DATA FOR THE TASK below:

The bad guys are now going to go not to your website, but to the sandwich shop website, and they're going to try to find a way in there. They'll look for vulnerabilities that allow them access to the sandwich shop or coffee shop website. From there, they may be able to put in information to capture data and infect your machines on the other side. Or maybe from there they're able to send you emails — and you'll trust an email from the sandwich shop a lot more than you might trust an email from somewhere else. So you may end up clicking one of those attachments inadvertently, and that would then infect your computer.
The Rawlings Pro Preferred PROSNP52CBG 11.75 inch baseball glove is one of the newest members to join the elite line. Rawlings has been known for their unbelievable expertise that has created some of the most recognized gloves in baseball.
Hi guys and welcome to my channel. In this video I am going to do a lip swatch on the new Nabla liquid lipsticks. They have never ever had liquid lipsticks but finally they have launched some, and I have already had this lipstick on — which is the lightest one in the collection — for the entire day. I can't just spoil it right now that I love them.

End of DATA FOR THE TASK.
DATA FOR THE TASK below:

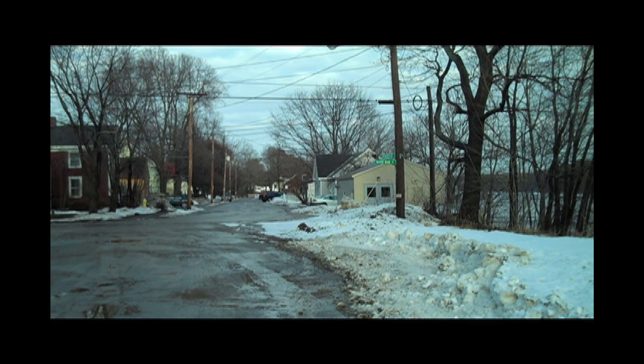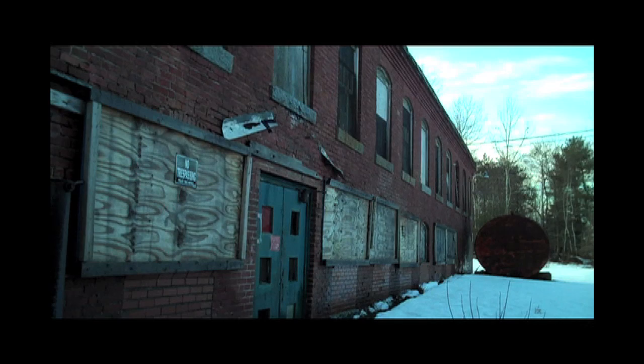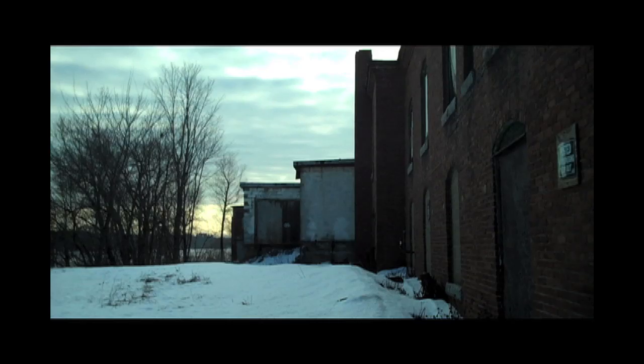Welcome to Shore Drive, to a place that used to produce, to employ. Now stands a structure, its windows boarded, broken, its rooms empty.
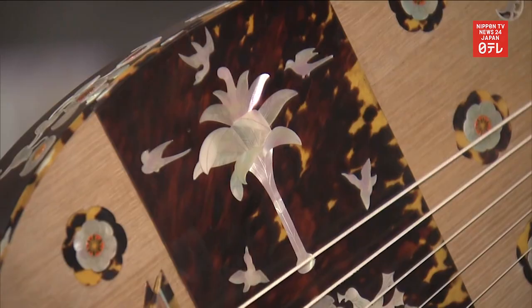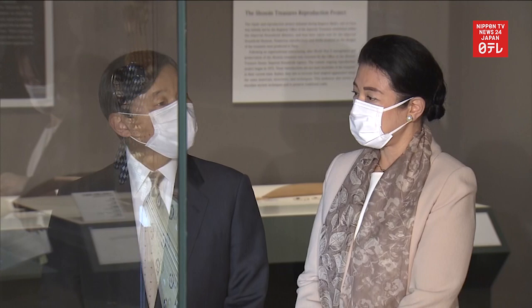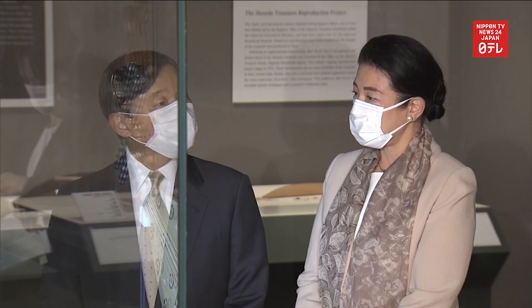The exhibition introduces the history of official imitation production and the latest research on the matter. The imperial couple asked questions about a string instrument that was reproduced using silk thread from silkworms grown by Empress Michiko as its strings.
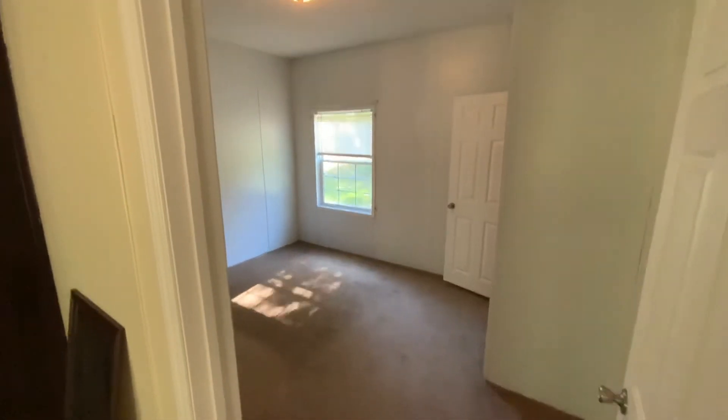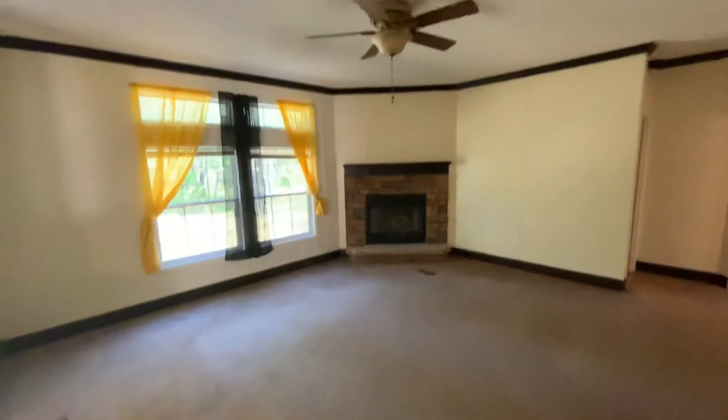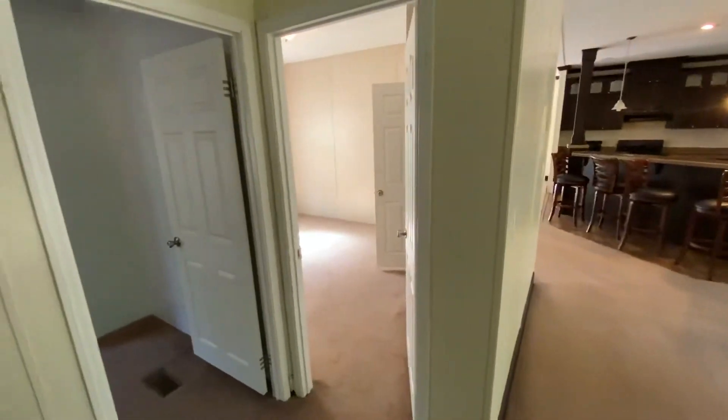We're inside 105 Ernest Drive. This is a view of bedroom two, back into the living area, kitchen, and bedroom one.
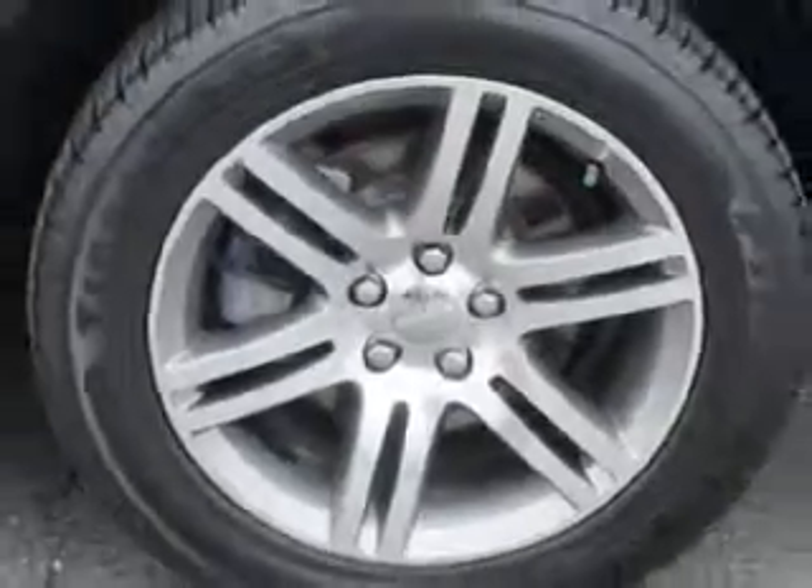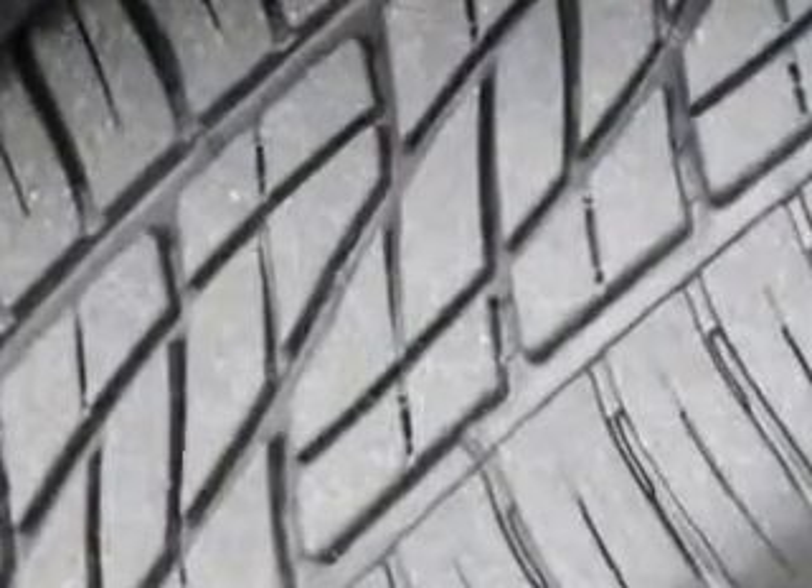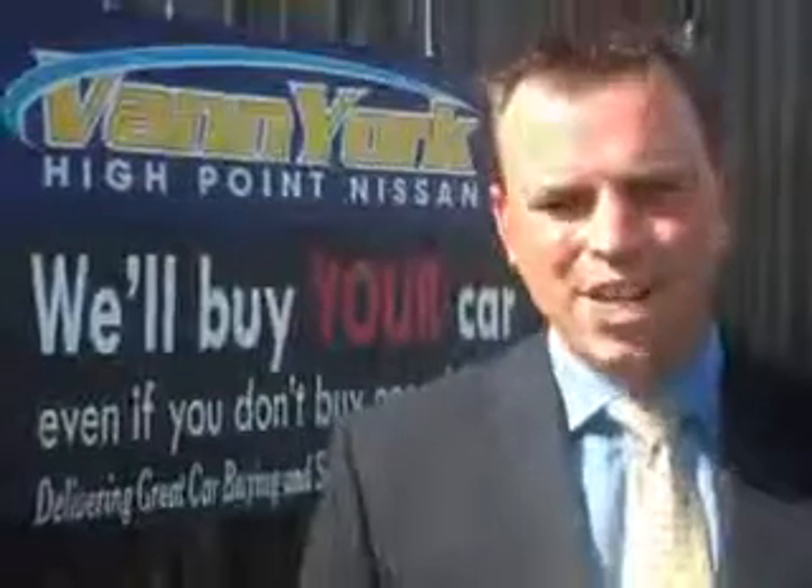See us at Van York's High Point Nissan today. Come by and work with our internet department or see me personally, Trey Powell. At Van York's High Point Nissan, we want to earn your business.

End of DATA FOR THE TASK.
DATA FOR THE TASK below:

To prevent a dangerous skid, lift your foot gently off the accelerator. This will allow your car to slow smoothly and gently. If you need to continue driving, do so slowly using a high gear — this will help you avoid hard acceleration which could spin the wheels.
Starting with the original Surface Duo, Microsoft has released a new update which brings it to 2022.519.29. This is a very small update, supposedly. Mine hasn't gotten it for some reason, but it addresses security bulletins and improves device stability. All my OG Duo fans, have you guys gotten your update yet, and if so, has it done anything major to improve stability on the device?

End of DATA FOR THE TASK.

- WHAT THIS TASK INVOLVES -
Copy out, from the listing above, every line that contains the word "them".

- RESPONSE AREA -
The bad guys are now going to go not to your website, but to the sandwich shop website, and they're going to try to find a way in there. They'll look for vulnerabilities that allow them access to the sandwich shop or coffee shop website. From there, they may be able to put in information to capture data and infect your machines on the other side. Or maybe from there they're able to send you emails — and you'll trust an email from the sandwich shop a lot more than you might trust an email from somewhere else. So you may end up clicking one of those attachments inadvertently, and that would then infect your computer.
Hi guys and welcome to my channel. In this video I am going to do a lip swatch on the new Nabla liquid lipsticks. They have never ever had liquid lipsticks but finally they have launched some, and I have already had this lipstick on — which is the lightest one in the collection — for the entire day. I can't just spoil it right now that I love them.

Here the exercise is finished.